START DATA SUPPLIED
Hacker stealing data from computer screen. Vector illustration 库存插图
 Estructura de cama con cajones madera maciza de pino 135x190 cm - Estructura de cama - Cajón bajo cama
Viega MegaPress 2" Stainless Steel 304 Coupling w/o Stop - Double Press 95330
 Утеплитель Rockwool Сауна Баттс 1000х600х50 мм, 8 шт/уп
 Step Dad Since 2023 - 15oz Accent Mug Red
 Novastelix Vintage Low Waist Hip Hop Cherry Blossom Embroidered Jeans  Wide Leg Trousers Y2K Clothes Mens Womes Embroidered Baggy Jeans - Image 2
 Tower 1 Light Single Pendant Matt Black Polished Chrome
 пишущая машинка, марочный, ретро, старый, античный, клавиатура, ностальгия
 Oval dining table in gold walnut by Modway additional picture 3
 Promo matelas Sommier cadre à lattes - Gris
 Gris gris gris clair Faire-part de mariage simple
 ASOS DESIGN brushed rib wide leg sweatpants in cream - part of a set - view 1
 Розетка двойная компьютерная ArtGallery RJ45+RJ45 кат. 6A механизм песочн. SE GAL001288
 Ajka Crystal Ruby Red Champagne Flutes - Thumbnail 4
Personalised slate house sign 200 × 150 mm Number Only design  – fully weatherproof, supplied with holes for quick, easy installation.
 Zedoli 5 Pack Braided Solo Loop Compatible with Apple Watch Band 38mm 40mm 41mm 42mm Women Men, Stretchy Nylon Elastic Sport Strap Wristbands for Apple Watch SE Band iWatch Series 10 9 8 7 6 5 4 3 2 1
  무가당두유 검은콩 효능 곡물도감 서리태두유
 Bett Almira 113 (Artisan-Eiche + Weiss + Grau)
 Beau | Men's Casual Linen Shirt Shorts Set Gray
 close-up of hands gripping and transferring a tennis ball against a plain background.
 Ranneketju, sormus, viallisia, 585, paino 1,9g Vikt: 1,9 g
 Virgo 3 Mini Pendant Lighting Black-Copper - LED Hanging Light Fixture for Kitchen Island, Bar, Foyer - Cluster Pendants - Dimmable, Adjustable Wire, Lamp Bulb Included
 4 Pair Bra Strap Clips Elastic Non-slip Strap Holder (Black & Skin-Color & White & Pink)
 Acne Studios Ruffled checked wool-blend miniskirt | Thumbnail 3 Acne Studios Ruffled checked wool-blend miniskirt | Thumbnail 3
END DATA SUPPLIED
_WHAT THE TASK REQUIRES_.
Could you please copy the lines above exactly, beginning at the first and ending at the line that contains "ASOS DESIGN brushed"?

_EXERCISE SOLUTION_.
Hacker stealing data from computer screen. Vector illustration 库存插图
 Estructura de cama con cajones madera maciza de pino 135x190 cm - Estructura de cama - Cajón bajo cama
Viega MegaPress 2" Stainless Steel 304 Coupling w/o Stop - Double Press 95330
 Утеплитель Rockwool Сауна Баттс 1000х600х50 мм, 8 шт/уп
 Step Dad Since 2023 - 15oz Accent Mug Red
 Novastelix Vintage Low Waist Hip Hop Cherry Blossom Embroidered Jeans  Wide Leg Trousers Y2K Clothes Mens Womes Embroidered Baggy Jeans - Image 2
 Tower 1 Light Single Pendant Matt Black Polished Chrome
 пишущая машинка, марочный, ретро, старый, античный, клавиатура, ностальгия
 Oval dining table in gold walnut by Modway additional picture 3
 Promo matelas Sommier cadre à lattes - Gris
 Gris gris gris clair Faire-part de mariage simple
 ASOS DESIGN brushed rib wide leg sweatpants in cream - part of a set - view 1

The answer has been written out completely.